Facts
The appellant, Rajesh Madan, proprietor of S.S.Trading Co., filed an ITR declaring Rs.3,71,430/- for AY 2012-13. The AO assessed income at Rs.46,20,000/-, making additions for unexplained credits of Rs.46,20,000/- under Section 68 and disallowing Rs.31,195/- for car and telephone expenses. The CIT(A) confirmed the unexplained credits but deleted the disallowance for expenses. The assessee failed to appear for multiple hearings at the tribunal, leading to the case being decided ex-parte after hearing the Senior Departmental Representative.
Held
The ITAT sustained the addition of Rs.28,80,000/- related to unexplained loans from Mr. Hargovind Arora, finding that the creditworthiness of the lender was not established.
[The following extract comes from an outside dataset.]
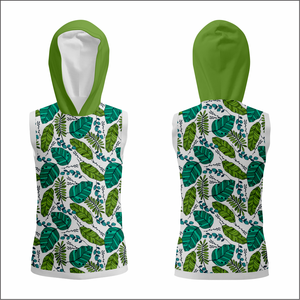 Sudadera sin Mangas Personalizada para Equipo, Ropa Deportiva de Entrenamiento, 100% Poliéster, Fabricación OEM con MOQ Bajo y Producción Rápida - Product Image 4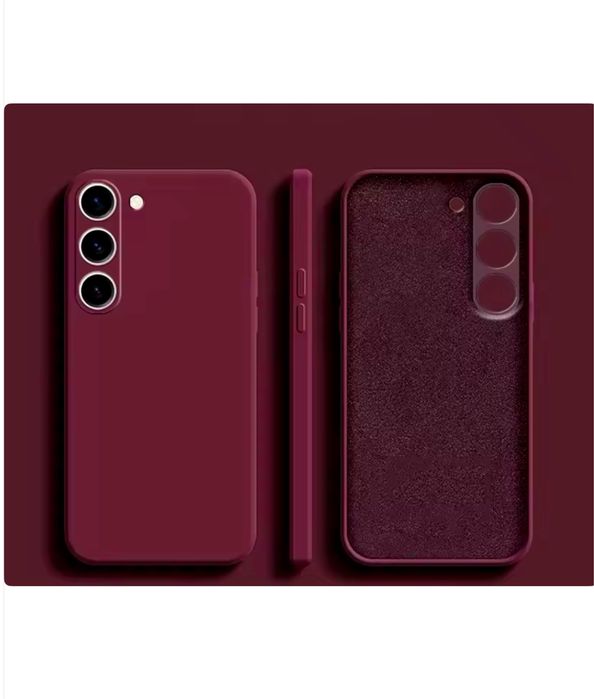 Samsung A03S/A04S/A05S/A06/A16/A17 Husa Dust Case Colorata Inside Fin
For the remaining unexplained credits of Rs.17,40,000/-, the tribunal remitted the matter back to the AO for de-novo consideration, observing that the assessee's evidence had not been adequately investigated by the lower authorities, and directed the AO to provide reasonable opportunities for explanation.
Key Issues
Whether the unexplained cash credits under Section 68 of the Income Tax Act, 1961, were rightly added to the assessee's income, specifically concerning the establishment of identity, creditworthiness, and genuineness of loan transactions from various parties.
Sections Cited
Section 143(3), Section 68, Section 133(6)
AI-generated summary — verify with the full judgment below
Income Tax Appellate Tribunal, DELHI BENCH ‘F’: NEW DELHI
Before: SHRI KUL BHARAT & SHRI AVDHESH KUMAR MISHRA
Date of Hearing 04/07/2024 Date of Pronouncement 12/07/2024 ORDER
PER AVDHESH KUMAR MISHRA, AM
The instant appeal of the Assessment Year [In short, the ‘AY’] 2012-13 preferred by the assessee is against the order, dated 27.02.2017, of the Commissioner of Income Tax (Appeals)-12, New Delhi [In Short ‘the CIT(A)’].
The relevant facts giving rise to this appeal are that the appellant/assessee, proprietor of S.S.Trading Co., is engaged in trading of Catechu (Katha). He filed his Income Tax Return (In short, the ‘ITR’) on 30.09.2012 declaring income of Rs.3,71,430/-. The case was picked up for scrutiny and consequential assessment was completed at income of Rs.46,20,000/- under section 143(3) of the Income Tax Act, 1961 (In short, the ‘Act’) The Assessing Officer (In short, the ‘AO’) made following additions/ disallowances: (i) unexplained credits of Rs.46,20,000/- under section 68 of the Act and (ii) disallowances of Rs.31,195/- made out of car and telephone expenses. On appeal of the assessee, the Ld. CIT(A)confirmed the unexplained credits of Rs.46,20,000/- and deleted the disallowance made out of telephone & car expenses.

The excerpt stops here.